Tutorial | Prepare recipe#
The Prepare recipe allows you to define a series of steps, or actions, to take on the dataset.
Get started#
Objectives#
In this tutorial, you will:
Create a Prepare recipe.
Add various processor steps in different ways.
Process dates, numbers and text.
Use the Formula language.
Prerequisites#
To complete this tutorial, you’ll need the following:
Dataiku 12.0 or later.
Create the project#
To create the project:
From the Dataiku Design homepage, click + New Project > DSS tutorials > Core Designer > Prepare Recipe.
From the project homepage, click Go to Flow (or
g
+f
).
Note
You can also download the starter project from this website and import it as a zip file.
You’ll next want to build the Flow.
Click Flow Actions at the bottom right of the Flow.
Click Build all.
Keep the default settings and click Build.
Use case summary#
Let’s say we’re a financial company that uses some credit card data to detect fraudulent transactions.
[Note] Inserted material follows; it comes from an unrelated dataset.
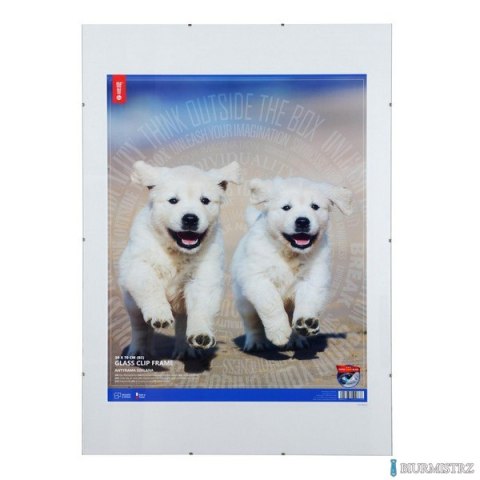 Antyrama szkło B2 50x70 MAN050070-47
The project comes with three datasets, described in the table below.
Dataset |
Description |
---|---|
tx |
Each row is a unique credit card transaction with information such as the card that was used and the merchant where the transaction was made. It also indicates whether the transaction has either been:
|
merchants |
Each row is a unique merchant with information such as the merchant’s location and category. |
cards |
Each row is a unique credit card ID with information such as the card’s activation month or the cardholder’s FICO score (a common measure of creditworthiness in the US). |
Create a Prepare recipe#
Let’s get started preparing the dataset!
From the Flow, select the tx_joined dataset and click the Actions icon (+) from the right panel to open the Actions tab.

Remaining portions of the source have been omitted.